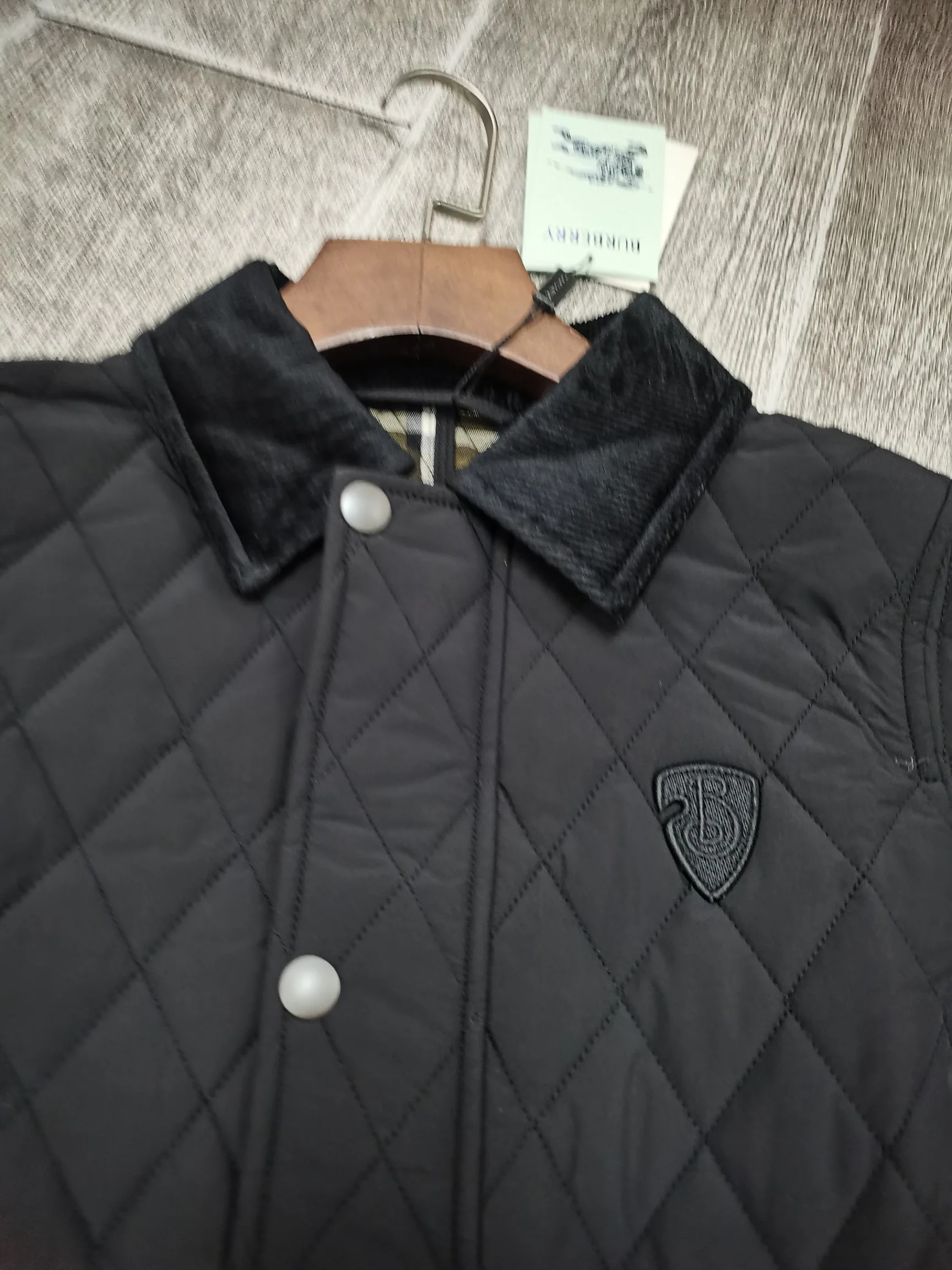 Куртки И Пуховики Женские Burberry 17998528
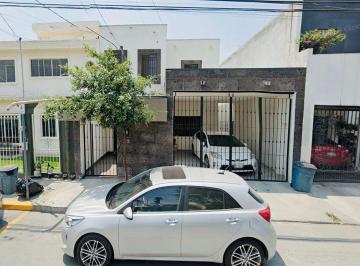 f848bb374dfb58e67e9b7e9a03cf753d2a0b4fccf147ba65ae948696a9d7ef08 · Casa en Venta Mitras Centro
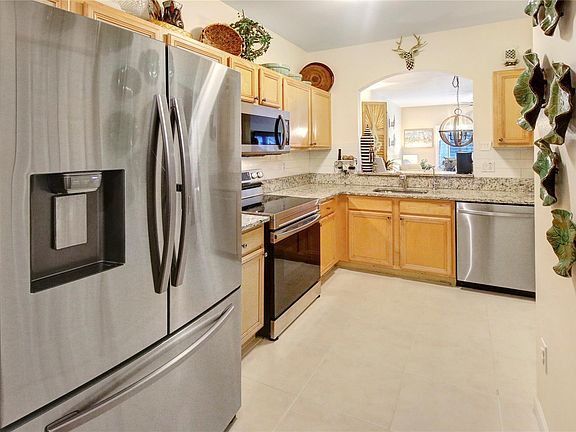 4th image of 4613 SW 12th Place
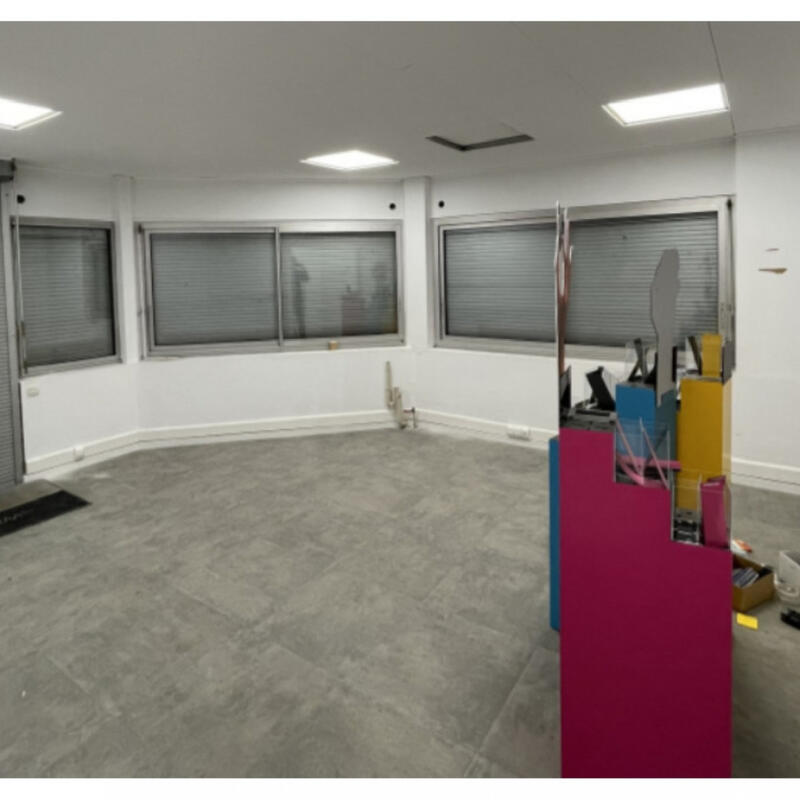 Local commercial - 387 m²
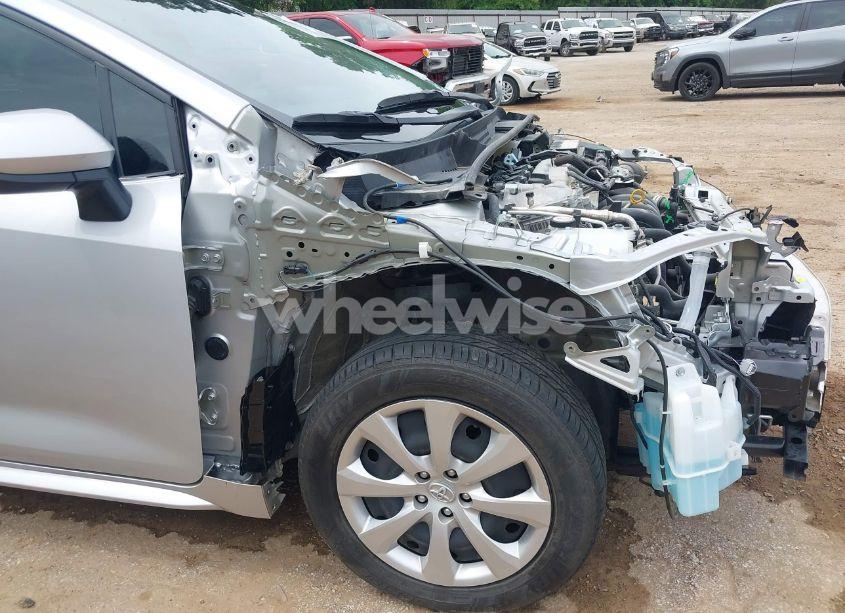 Photo 19 of 2022 Toyota Corolla LE (VIN 5YFEPMAE9NP382593)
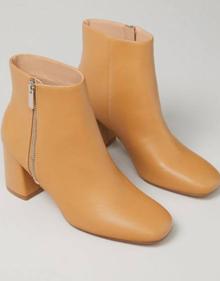 Imagen secundaria 2 - Los tres colores del modelo de botines de Lefties.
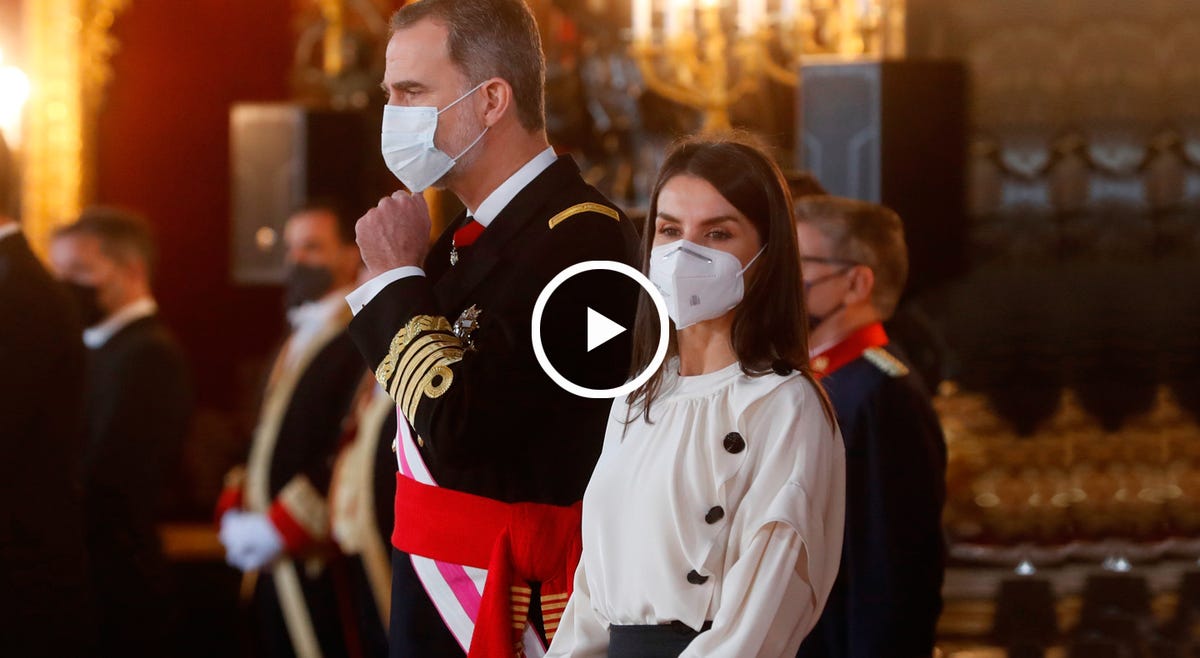 los reyes cumplen con su tradición y meriendan con el padre de la reina letizia el día de reyes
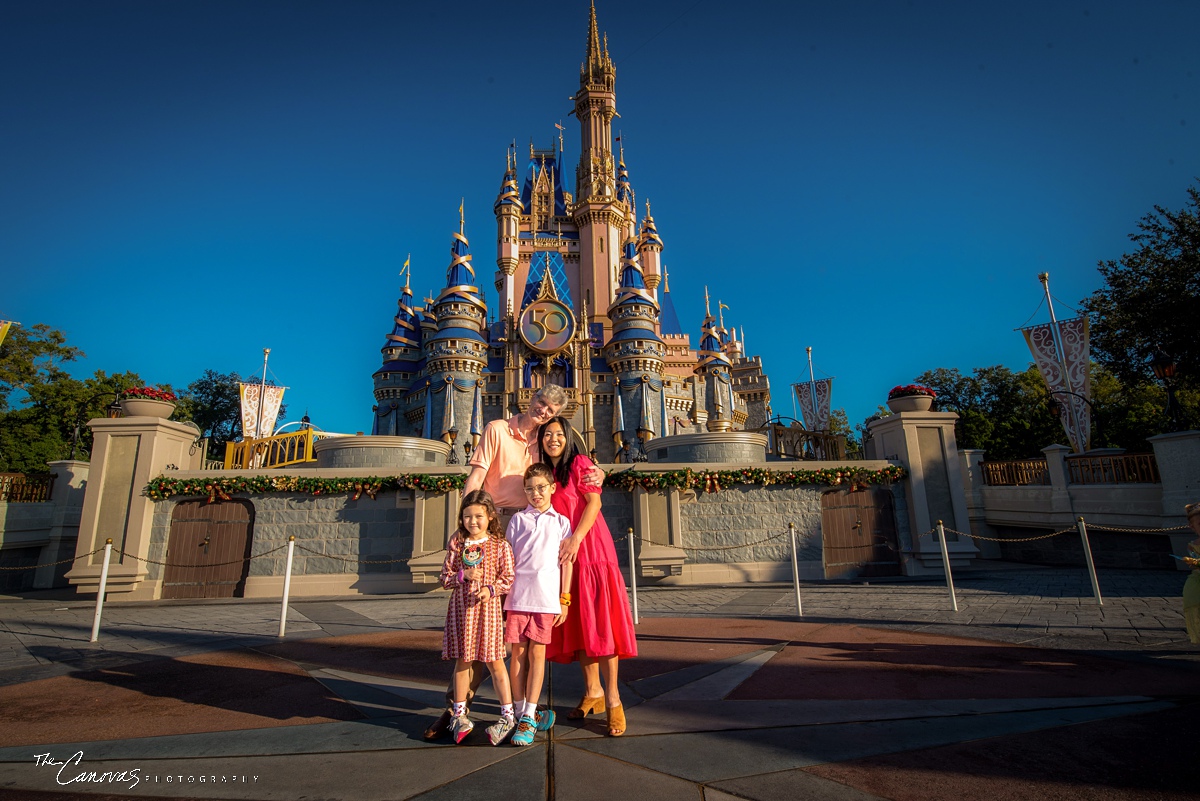 Family photography at Magic Kingdom, Orlando family photographers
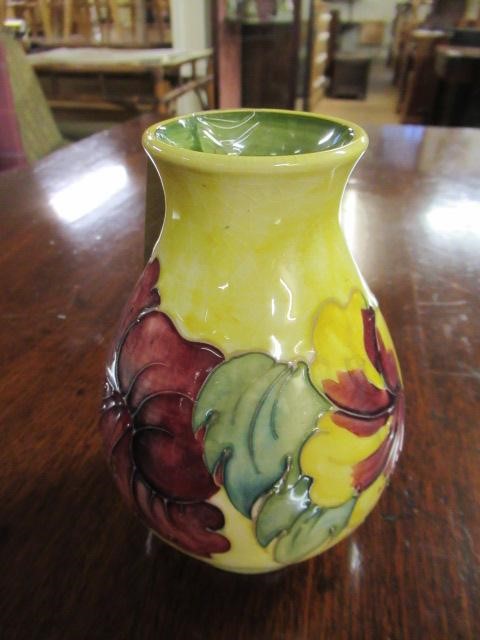 ANTIQUE MOORCROFT HIBISCUS VASE WITH QUEEN MARY LABEL Image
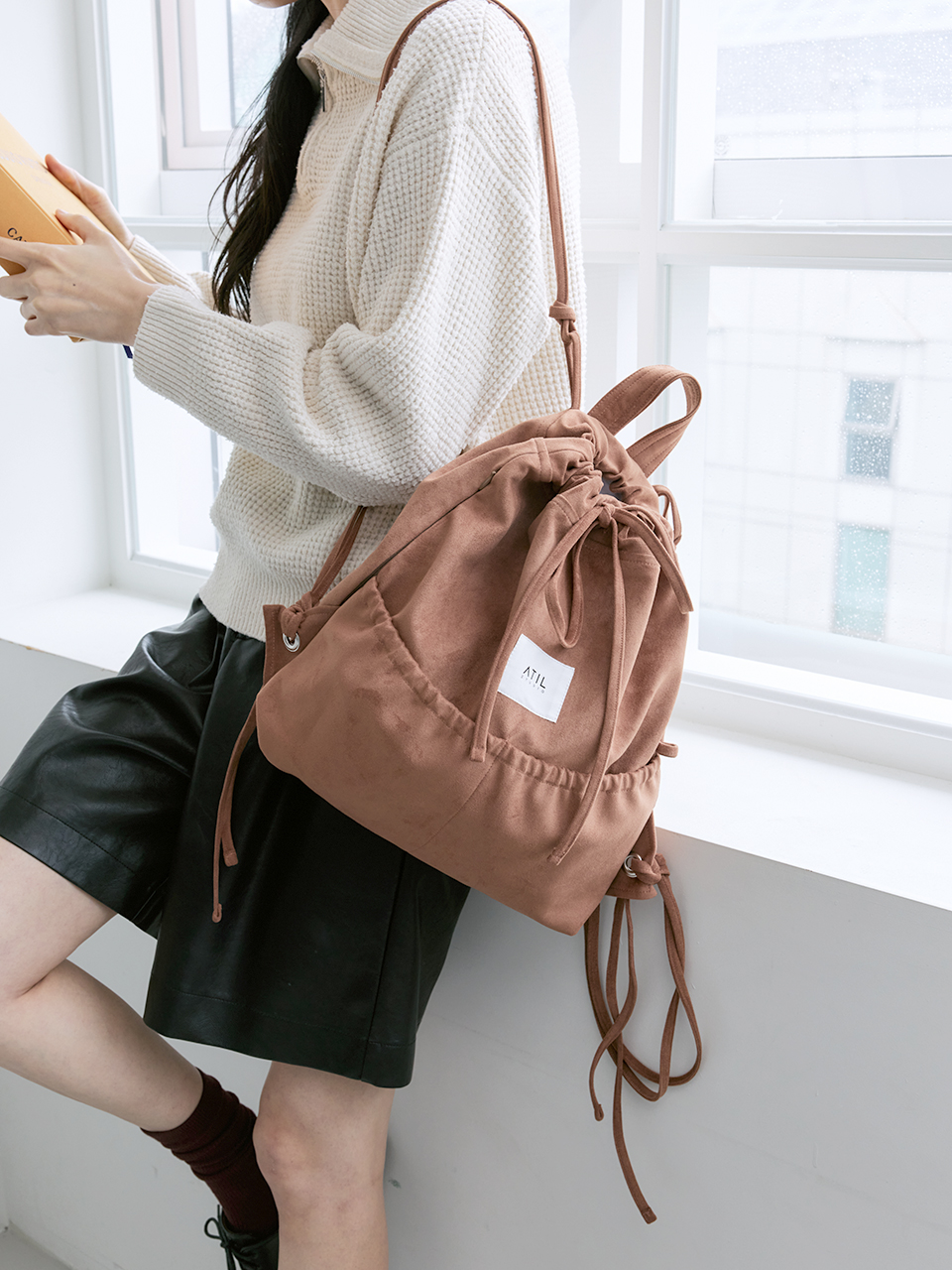 [ATIL STUDIO] 스웨이드 데일리 스트링 백팩_[브라운] 이미지 8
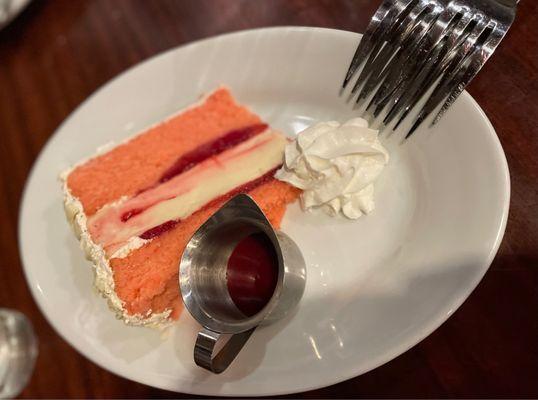 Strawberry shortbread cheesecake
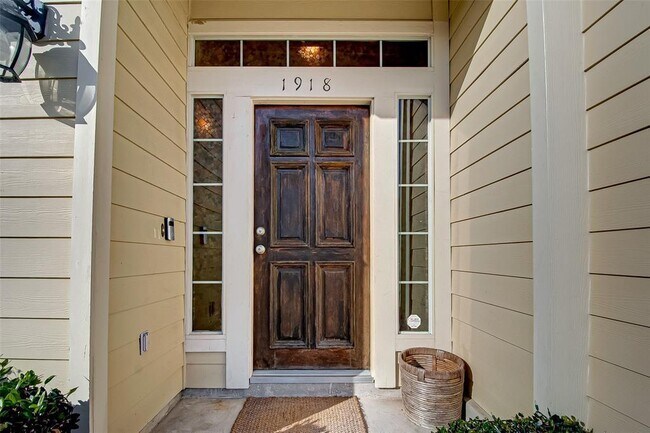 1918 Gentryside Dr in Houston, TX - Foto de edificio - Building Photo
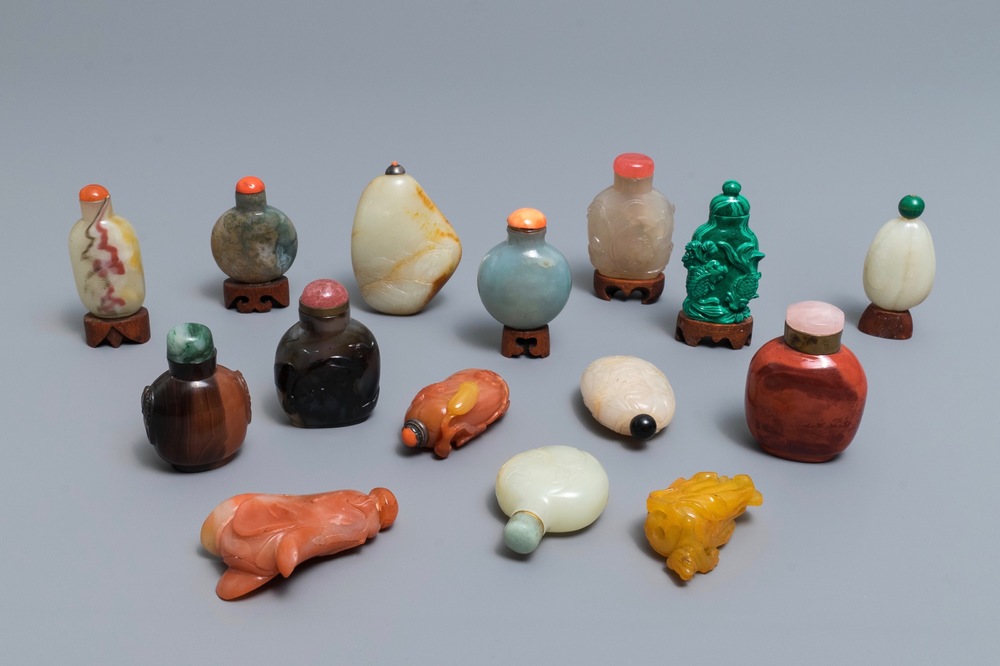 Vijftien diverse Chinese snuifflessen in jade, agaat, malachiet en andere hardsteen, 18/20e eeuw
###
Leave out the pictures and output the rest of the material exactly as written.

→ Response for this exercise
 Куртки И Пуховики Женские Burberry 17998528
 f848bb374dfb58e67e9b7e9a03cf753d2a0b4fccf147ba65ae948696a9d7ef08 · Casa en Venta Mitras Centro
 4th image of 4613 SW 12th Place
 Local commercial - 387 m²
 Photo 19 of 2022 Toyota Corolla LE (VIN 5YFEPMAE9NP382593)
 Imagen secundaria 2 - Los tres colores del modelo de botines de Lefties.
 los reyes cumplen con su tradición y meriendan con el padre de la reina letizia el día de reyes
 Family photography at Magic Kingdom, Orlando family photographers
 ANTIQUE MOORCROFT HIBISCUS VASE WITH QUEEN MARY LABEL Image
 [ATIL STUDIO] 스웨이드 데일리 스트링 백팩_[브라운] 이미지 8
 Strawberry shortbread cheesecake
 1918 Gentryside Dr in Houston, TX - Foto de edificio - Building Photo
 Vijftien diverse Chinese snuifflessen in jade, agaat, malachiet en andere hardsteen, 18/20e eeuw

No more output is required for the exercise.